··· Available data ···

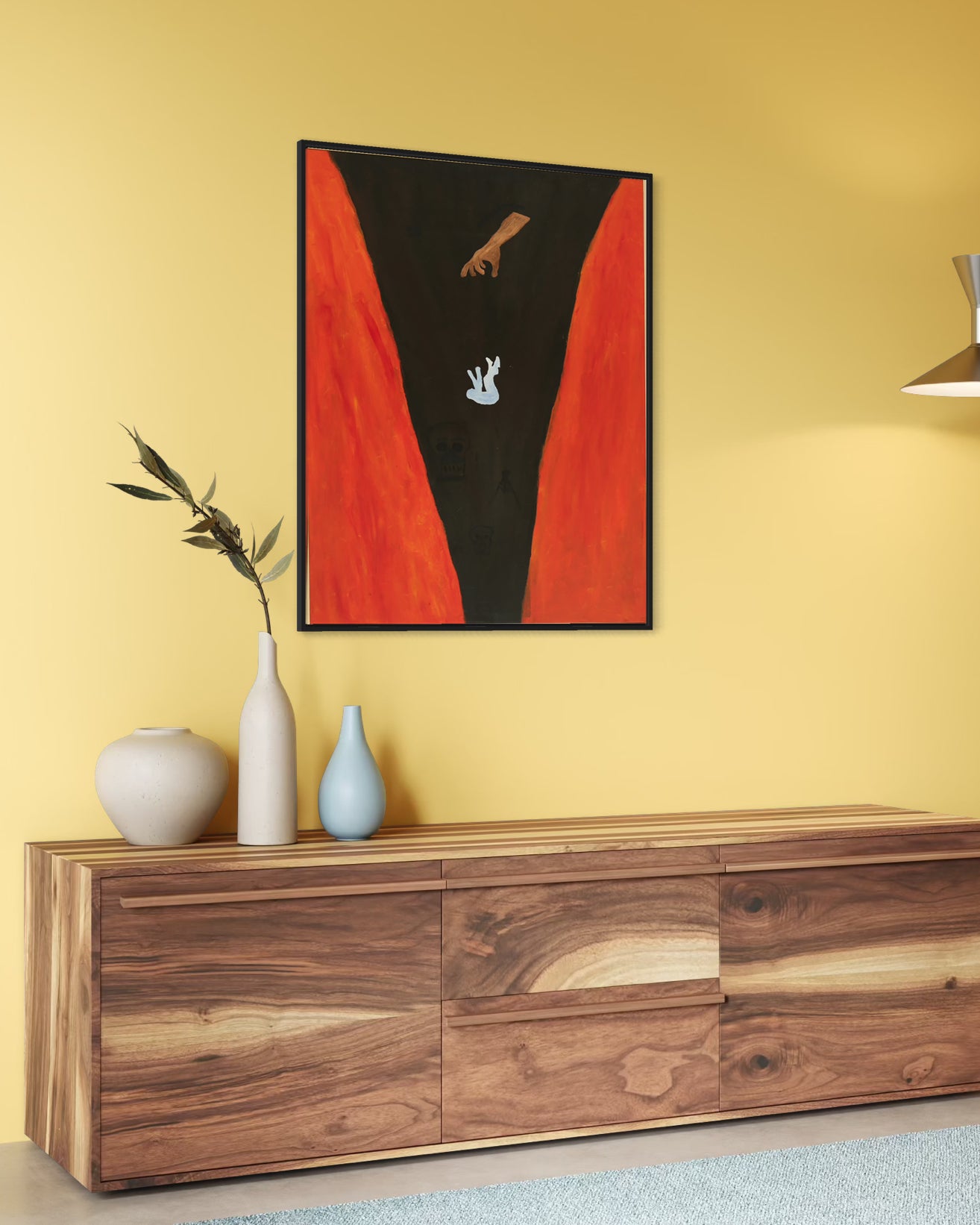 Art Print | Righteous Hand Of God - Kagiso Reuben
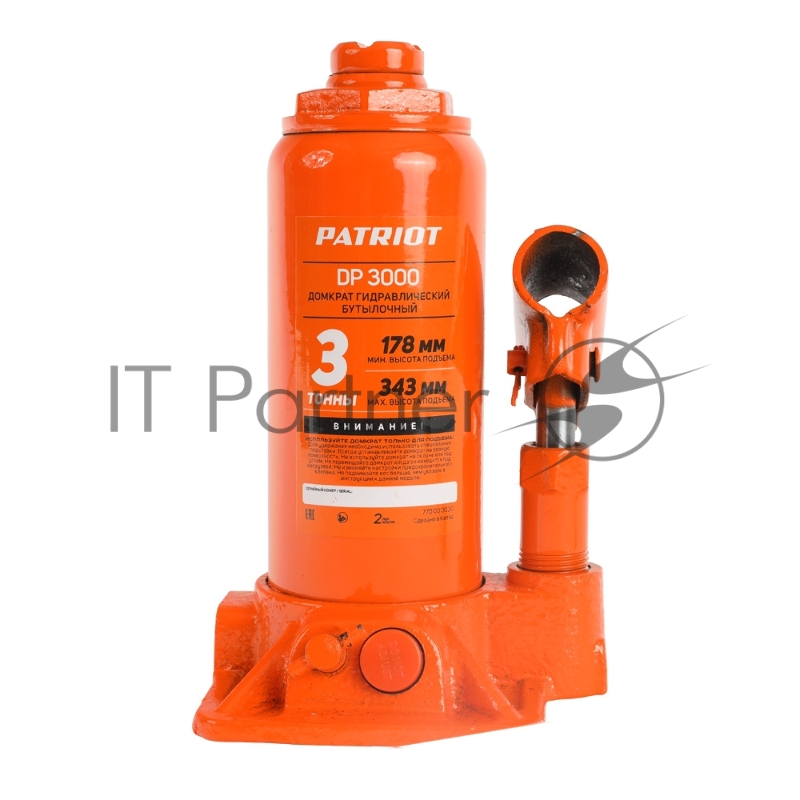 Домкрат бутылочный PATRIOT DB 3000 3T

···
··· Available data ···

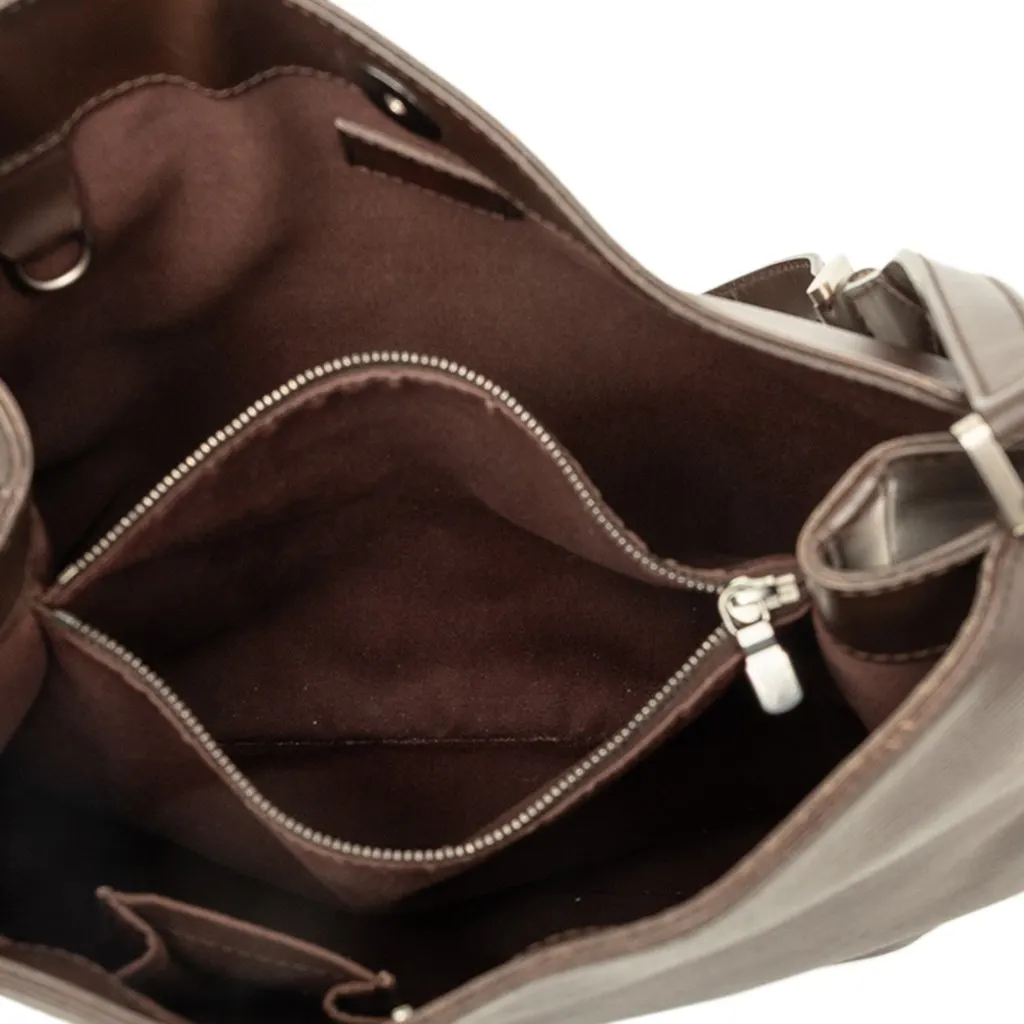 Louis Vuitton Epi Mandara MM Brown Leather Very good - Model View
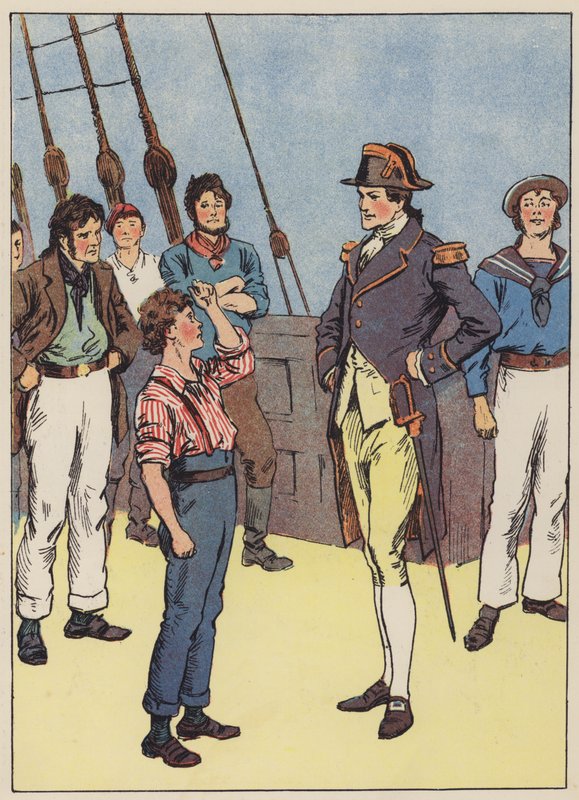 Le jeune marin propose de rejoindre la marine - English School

···

Beginning at the line that has "Louis Vuitton Epi" and ending at the line that has "Le jeune marin", restate the listing above word for word, pictures left out.

◆ **Solved problem**
 Louis Vuitton Epi Mandara MM Brown Leather Very good - Model View
 Le jeune marin propose de rejoindre la marine - English School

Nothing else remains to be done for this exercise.